On the other hand, as shown in FIG. 5, for example, at the stage of an analog signal, a low pass filter (LPF) 85 and a high pass filter (HPF) 86 separate them from each other, and each is separated into an input / output port 87, It is also possible to configure to input to the microprocessor 83 via 88. In this case, the processing load on the microprocessor can be reduced.

[0031]

As described above, according to the vibration-sensing device of the first aspect, the internal pressure of the air chamber is changed according to the swing of the rocking body which is rocked by the earthquake vibration, and this pressure fluctuation is Since the earthquake is detected by detecting it, not only the presence or absence of an earthquake but also the magnitude of the shaking can be detected. In addition, since a mechanical electric switch mechanism as in the past is not necessary, it prevents the deterioration of reliability due to aging,
There is an effect that the life of the device can be extended.

According to the seismic sensing device of the second aspect, the gas pressure sensor provided in association with the gas meter is used (shared) to detect the pressure fluctuation, and the vibration component due to the earthquake is detected from the detected pressure fluctuation. Since the seismic component is separated and the seismic component is detected based on the seismic component, it is not necessary to newly install a pressure sensor, and the cost can be reduced.

According to the seismic sensing apparatus of the third aspect, the processing for separating the vibration component from the detected pressure fluctuation is performed by the microcomputer, so that the input / output ports of the microcomputer can be reduced and the low Effective in reducing costs.

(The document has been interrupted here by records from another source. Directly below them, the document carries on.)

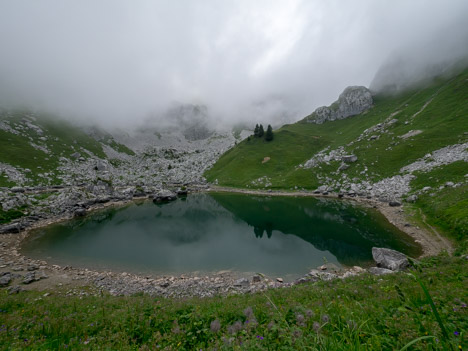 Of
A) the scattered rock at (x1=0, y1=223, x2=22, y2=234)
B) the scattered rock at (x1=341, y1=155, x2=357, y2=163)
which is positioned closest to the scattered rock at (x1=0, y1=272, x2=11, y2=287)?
the scattered rock at (x1=0, y1=223, x2=22, y2=234)

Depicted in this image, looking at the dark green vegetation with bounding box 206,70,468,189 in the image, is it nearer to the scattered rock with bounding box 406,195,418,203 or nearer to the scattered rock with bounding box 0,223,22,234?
the scattered rock with bounding box 406,195,418,203

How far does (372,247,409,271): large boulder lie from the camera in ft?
59.6

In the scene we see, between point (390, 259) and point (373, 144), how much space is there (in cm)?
6632

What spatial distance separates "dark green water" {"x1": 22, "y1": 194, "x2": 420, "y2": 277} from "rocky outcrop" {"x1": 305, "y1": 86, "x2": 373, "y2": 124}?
109341 mm

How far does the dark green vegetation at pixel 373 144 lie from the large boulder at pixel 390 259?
1733 inches

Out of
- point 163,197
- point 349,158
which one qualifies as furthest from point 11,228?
point 349,158

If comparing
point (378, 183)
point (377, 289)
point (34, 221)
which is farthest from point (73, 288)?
point (378, 183)

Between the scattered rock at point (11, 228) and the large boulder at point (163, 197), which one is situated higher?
the large boulder at point (163, 197)

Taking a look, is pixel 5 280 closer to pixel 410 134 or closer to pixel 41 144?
pixel 410 134

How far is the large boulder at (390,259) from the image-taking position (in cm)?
1816

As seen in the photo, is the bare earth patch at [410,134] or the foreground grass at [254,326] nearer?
the foreground grass at [254,326]

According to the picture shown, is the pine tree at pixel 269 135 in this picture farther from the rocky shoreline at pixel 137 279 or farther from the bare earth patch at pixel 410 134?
the rocky shoreline at pixel 137 279

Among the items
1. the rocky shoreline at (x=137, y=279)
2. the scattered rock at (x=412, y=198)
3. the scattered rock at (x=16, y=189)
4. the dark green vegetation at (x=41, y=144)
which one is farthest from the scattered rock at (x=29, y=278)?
the scattered rock at (x=412, y=198)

According to the vibration-sensing device of the fourth aspect, since the process of separating the vibration component from the detected pressure fluctuation is performed by the frequency band filter, the processing load on the microcomputer can be reduced. There is.

[Brief description of drawings]

FIG. 1 is a cross-sectional view showing a main configuration of a seismic sensing device according to an embodiment of the present invention.

FIG. 2 is a diagram showing an example of an output waveform from a seismic sensing unit in FIG.

FIG. 3 is a cross-sectional view showing a main part configuration of a seismic sensing device according to another embodiment of the present invention.

FIG. 4 is a diagram illustrating an example of an output waveform from the seismic sensing unit in FIG.

FIG. 5 is a block diagram illustrating another example of a signal processing unit.

[Explanation of symbols]

 10, 70 Earthquake-sensing part 15 Sphere 17 Oscillator 30 Pressure fluctuation sensor part 32, 33 Air chamber 34, 64 Piezoelectric thin film 40, 80 Signal processing part 53 Gas meter main part 50 Gas meter 60 Pressure sensor part

Continued Front Page (72) Inventor Shinichi Sato 543-15 Kitano-cho, Hachioji-shi, Tokyo

Claims (4)

[Claims] 1. An oscillating body which oscillates due to an earthquake vibration, an air chamber whose internal pressure fluctuates in response to the oscillating body of the oscillating body, and a pressure detecting means which detects a pressure fluctuation in the air chamber. An earthquake-sensing device, comprising: an earthquake detection unit that detects an earthquake based on the pressure fluctuation detected by the pressure detection unit. 2. The pressure detecting means is commonly used as a gas pressure sensor provided in association with a gas meter, and further, a separating means for separating a vibration component due to an earthquake from the pressure fluctuation detected by the pressure detecting means. The seismic sensing device according to claim 1, wherein the seismic detection means performs seismic detection based on the separated seismic component. 3. The seismic sensing device according to claim 2, wherein the separating means is composed of a microcomputer. 4. The seismic sensor according to claim 2, wherein the separating means is constituted by a frequency band pass filter.